There are some other events that happened around the time of the complaint that are significant:
July 28: Dan Coates, Director of National Intelligence, resigned.
August 2: U.S. pulled out of INF treaty with Russia.
August 6: John Huntsman, the Russian Ambassador, resigned.
August 8: Joseph Maguire named acting DNI.
That last event is significant because IG Atkinson (a Trump appointee) determined that the whistleblower complaint was a matter of “urgent concern,” triggering a legal standard that requires a report to Congress. But according to the Washington Post, Maguire first went to the Justice Department for legal guidance and was counseled to withhold the information. At that point, Atkinson informed congress that a complaint had been made, but Maguire continued his refusal to share the information with the House Intelligence Committee.

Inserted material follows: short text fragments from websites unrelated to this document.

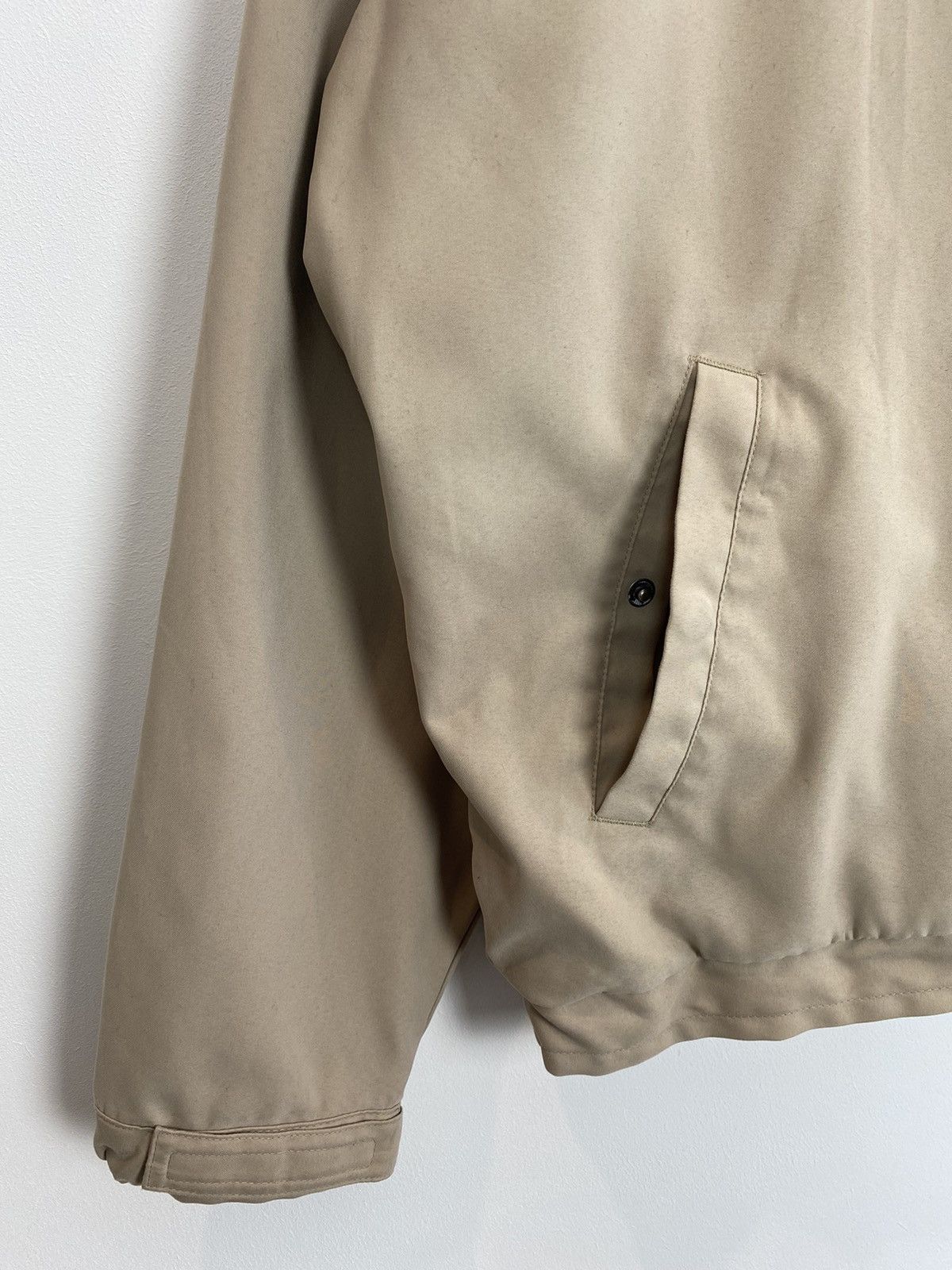 Ralph Lauren Polo Ralph Lauren Golf Windbreaker Full Zip Jacket Size XL Size US XL / EU 56 / 4 - 4 Thumbnail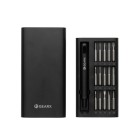 Set di cacciaviti di precisione 31 in 1 Gear X FullGadgets.com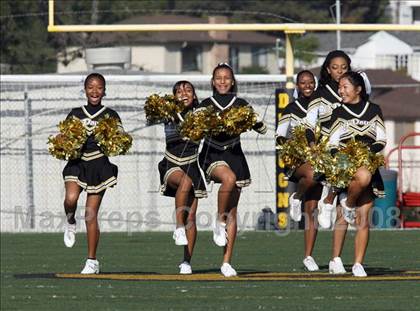 Thumbnail 2 in Tamalpais @ Bishop O'Dowd (CIF NCS D3 Playoffs) photogallery.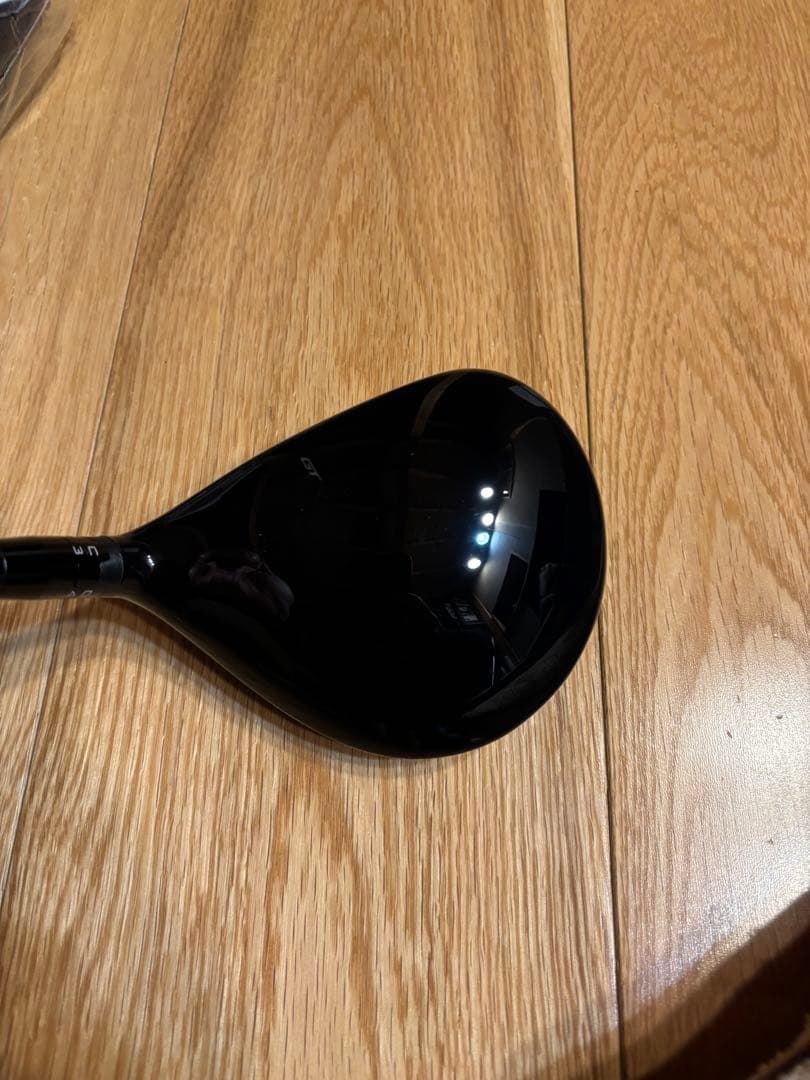 GT280 ミニドライバー　タイトリスト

While it’s tempting to speculate based on the timeline of events, what we actually know is that someone in the intelligence community was so concerned about what transpired on that phone call that he or she filed a whistleblower complaint. The inspector general found the complaint to be not only credible, but of “urgent concern.” When the new acting DNI refused to inform Congress, he took the extraordinary step of telling them that the complaint existed. In other words, to use Joe Biden’s vernacular, this is a Big Fuckin’ Deal.
Beyond that, Attorney General William Barr is once again going out of his way to keep this information hidden, not just from the public, but from the House Intelligence Committee.
We’ve all been frustrated for years by what seems to be the administration’s successful attempt to obstruct justice and keep the American public from knowing what the president has done. In this case, we have intelligence officials who are so concerned about what happened that they are willing to risk their careers and possible jail time (for leaking classified information) to get this story out there. Neal Katyal, former acting solicitor general of the United States, put it this way:
Trump and Barr vs. the intelligence community could be the ultimate show-down.